That article was written eleven years before Herr Hitler's march into Austria and the ceding of Sudetenland cut the tangle. Two years later, on March 26th 1929, I was asked to participate in a discussion organised by The Daily News and Westminster Gazette on 'the next war.' My contribution contained the following passage, which presaged exactly the events of March 1938.

"No observant man can travel through Central Europe to-day, or even study its incoherent political divisions on the map, without realising the recklessness with which real and vital interests were trampled under-foot in making that arbitrary and ill-informed re-distribution of territory.

"All natural principles of frontier delimitation were rejected. The new boundaries had no justification, whether ethnographic, geographic or economic. They set up in Central Europe a permanent condition of inconvenience, friction and discontent which, if it is not remedied, must inevitably lead to another war.

" . . . Serious possibilities of future trouble for Central Europe exist also in that other Peace Treaty of St. Germain by which the territory of Austria was carved up, principally for the benefit of Czecho-Slovakia, in such a way that the great city of Vienna, with two million people, was left practically without national territory to supply its needs or consume its products. . . . The Austrians in despair have come to look to union with Germany as the only remedy for their impossible position. When the attempt to realise that aim is made, Europe will again be brought into close danger of war, as a direct result of lack of elementary foresight in her statesmen."

There were, even then, two sides to the question. There was the repugnance with which great people like the Hungarians saw a million of their fellows under the tyranny of the Czechs and the Austrians saw their ancient capital brought to virtual ruin, and there was also the dislike of a proud people like the Germans for the domination over their national destinies of the conglomerate of small nationalities at Geneva. Of this second aspect I was vividly aware long before Herr Hitler had taken power in Berlin. As early as September 24th 1930, in The Daily Mail, appeared this warning:

"A powerful, highly patriotic people like the German will never be satisfied to leave the attainment of their national ambitions at its (the League of Nation's) mercy.

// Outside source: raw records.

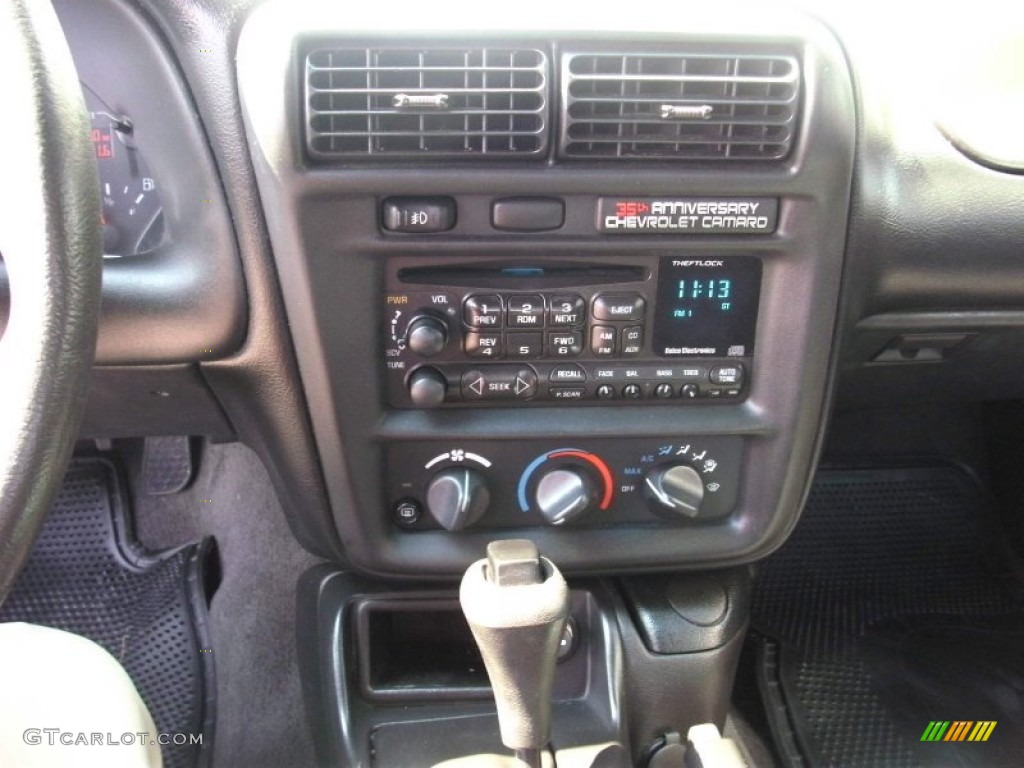 2002 Chevrolet Camaro Coupe Audio System Photo #53249941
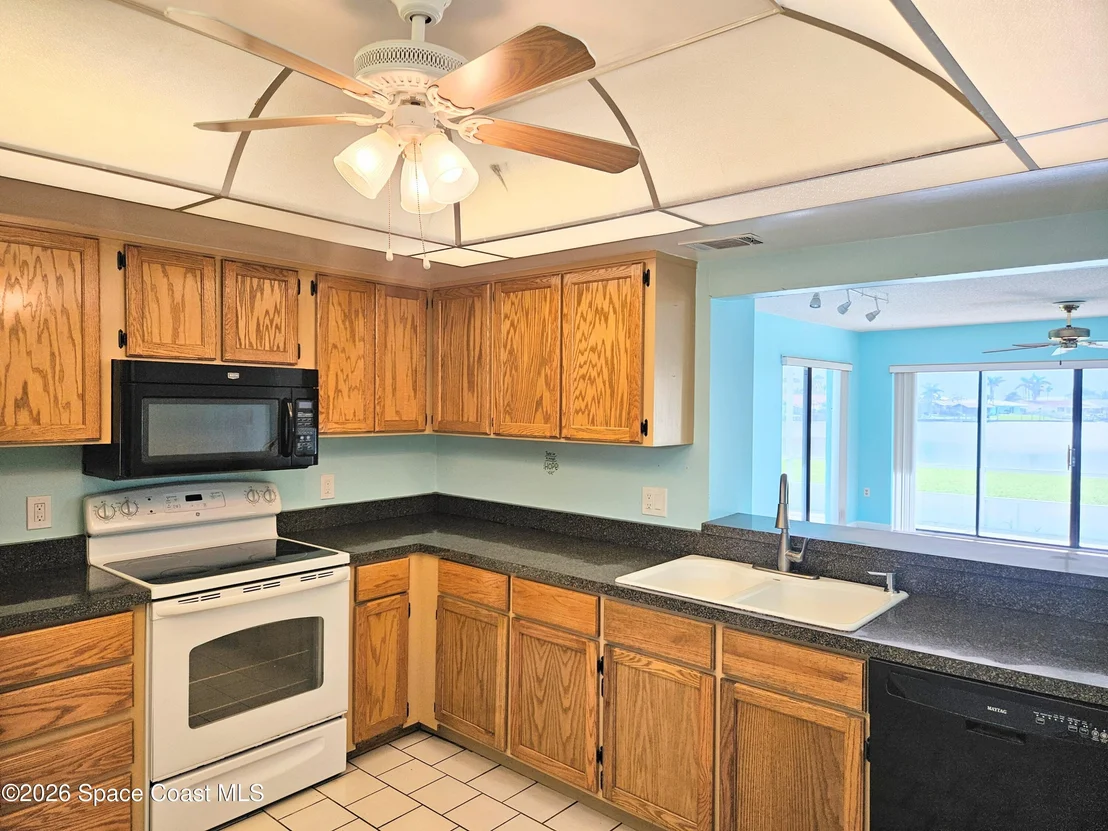 Photo of Unit 2101 at 1750 Commodore Boulevard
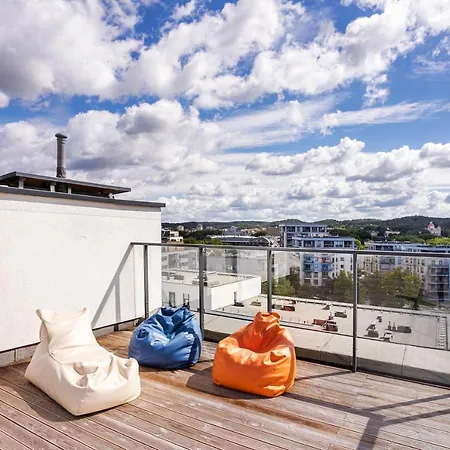 #Stayhere - Central Castle View Riverside Apartment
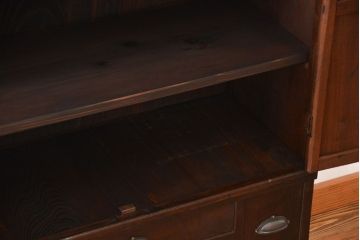 アンティーク家具　三方栗材　変わり型　上品な三段重ね箪笥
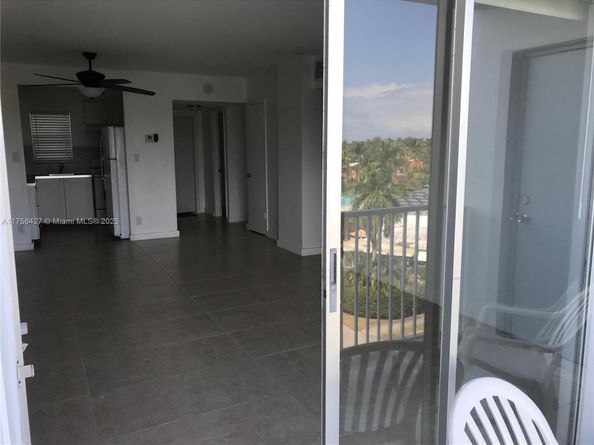 1701 Washington St 503, Hollywood FL 33020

"It is more likely that when a National Socialist Government arrives in power, Germany, under that party's vigorous leadership, will herself show the way to the immediate redress of the most flagrant injustices.

"In doing so she will achieve something far greater than the 'anschluss'—or union with Austria—to which large sections of German public opinion aspire. She would bring within her orbit not only the 3,000,000 Germans in Czecho-Slovakia, together with the 3,000,000 Hungarians in Czecho-Slovakia and Rumania, but also quite possibly the Hungarian nation itself.

"As a result of such developments, Czecho-Slovakia, which has so systematically violated the Peace Treaty, both by its oppression of racial minorities and its failures to reduce its own armaments, might be elbowed out of existence overnight."

I wish, particularly, to emphasise that this article from which I have just quoted was written in 1930. It foretold both the rise of the National Socialist Party to power in Germany and that Czecho-Slovakia, as a result, might "be elbowed out of existence overnight."

The more I studied the Central European situation, the more convinced did I become of these things.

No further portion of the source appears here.